Bittensor (TAO) crypto surges 46% as Covenant-72B launch sparks a subnet explosion. Explore what’s driving momentum and why traders are watching closely.

Bittensor’s TAO has rebounded sharply into mid-March, with spot prices near $199 to $201 and weekly gains above 8%, as traders rotate back into decentralized AI tokens and the network’s latest training milestone, Covenant-72B on Templar’s Subnet 3, refocuses attention on Bittensor’s subnet economy. CoinGecko showed TAO at $198.96 with a $1.91 billion market cap and roughly $114.5 million in 24-hour volume, while CoinGlass showed TAO at $201.47 with open interest near $180.9 million as of March 18, 2026.

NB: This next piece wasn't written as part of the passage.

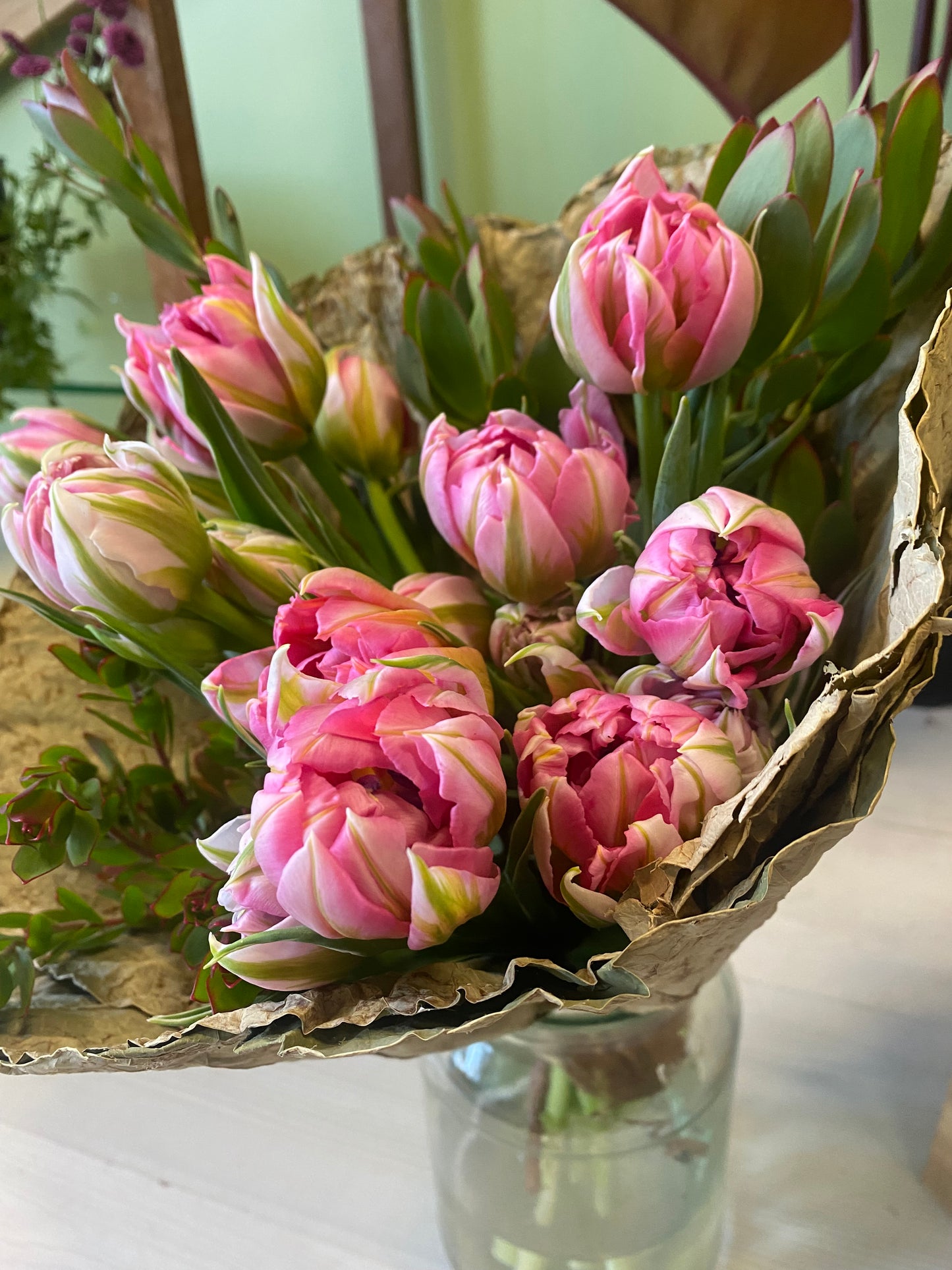 Tulips with lotus wrap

TAO at $199-$201 on March 18 as volume and rank recover

The current state of TAO is a recovery trade, not a return to its 2024 peak. CoinGecko’s latest market snapshot places Bittensor at $198.96, up on the day, with a market capitalization of $1.91 billion, 24-hour trading volume of $114.49 million, and a rank around the mid-40s by market cap. CoinMarketCap’s recent listing pages show a similar valuation range, with TAO ranked in the mid-30s and market cap above $2.17 billion depending on circulating-supply methodology and timestamp.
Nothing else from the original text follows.